Download: Focus on Technology: The Ultimate ICD-10 Checklist

Leveraging the latest technology has been one of Holly’s fundamental best practices for preparing to transform his group into a Patient-Centered Medical Home (PCMH). Other principles entail building partnerships between individuals and their personal physicians, and when appropriate, involving patients’ family members in the decision-making process. 

Related:Becoming a PCMH

Within this framework, the personal physician becomes a patient’s first advocate in navigating the maze of comprehensive and continuous care, taking responsibility for ongoing medical needs as well as arranging care with other qualified professionals. This continuum includes all stages-from preventive services to acute and chronic care to end-of-life choices. “We believe that ‘medical home’ is the future,” Holly says, referring to the “triple aim” in health care-enlisting patients as collaborators in their own care to improve outcomes and lower costs. 

Holly led his 13-partner group in the efforts to receive PCMH recognition from four entities-The Joint Commission, the National Committee for Quality Assurance (NCQA) Tier III, the Accreditation Association for Ambulatory Health Care (AAAHC) and the Utilization Review Accreditation Commission (URAC). “We wanted to learn everything we could, and we discovered that each one gave us more insight,” he says.

In 2008, Holly and his partners formalized The SETMA Foundation, which assists eligible patients in covering co-payments and other medical expenses that may hinder them from obtaining care.

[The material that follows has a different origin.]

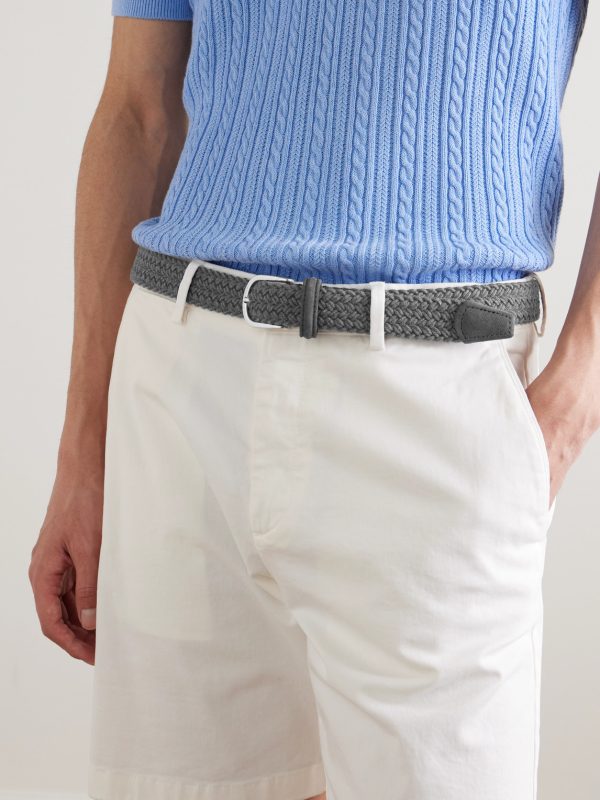 3cm Leather-Trimmed Woven Belt - FR 3cm Leather-Trimmed Woven Belt - FR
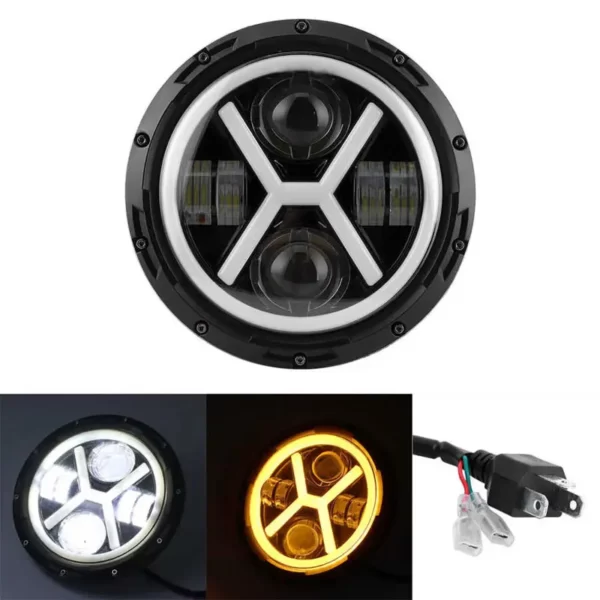 Focos LED X Aro 7" H4 para Chevrolet, Ford, Jeep, Vw, Toyota, etc. - Imagen 2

Each year, the partners have contributed $500,000 to the foundation. The funds are used to provide for the care of SETMA patients, when it is needed, outside the medical group.

To make quality improvements in practice operations and patient care, Holly believes physicians need to generate computerized reports measuring their current performance against national standards. In other words, he suggests: “Face where we are, even if it’s not where we want to be.” Harnessing the “power of analytics” is the first step in setting goals on the road to progress.

Seven years ago, the practice began publishing quality metrics for each provider on its website. The statistics, updated quarterly, show how each physician performs in managing panels of patients. “Our patients are transparent with us, so we ought to be transparent with them,” says Holly, adjunct professor of family and community medicine at the University of Texas Health Science Center at San Antonio and clinical associate professor in the department of internal medicine at Texas A&M Health Science Center in Bryan, Texas.

Altering the dynamics of patient interactions is also a central component of the medical home model of care. By listening to a patient-and treating the whole person, not simply the disease-a physician can instill a sense of value, or worth, “which is the first thing necessary for successful treatment,” Holly explains. Feelings of hope and trust then fuel the power to make profound changes. “That’s all that a medical home is.”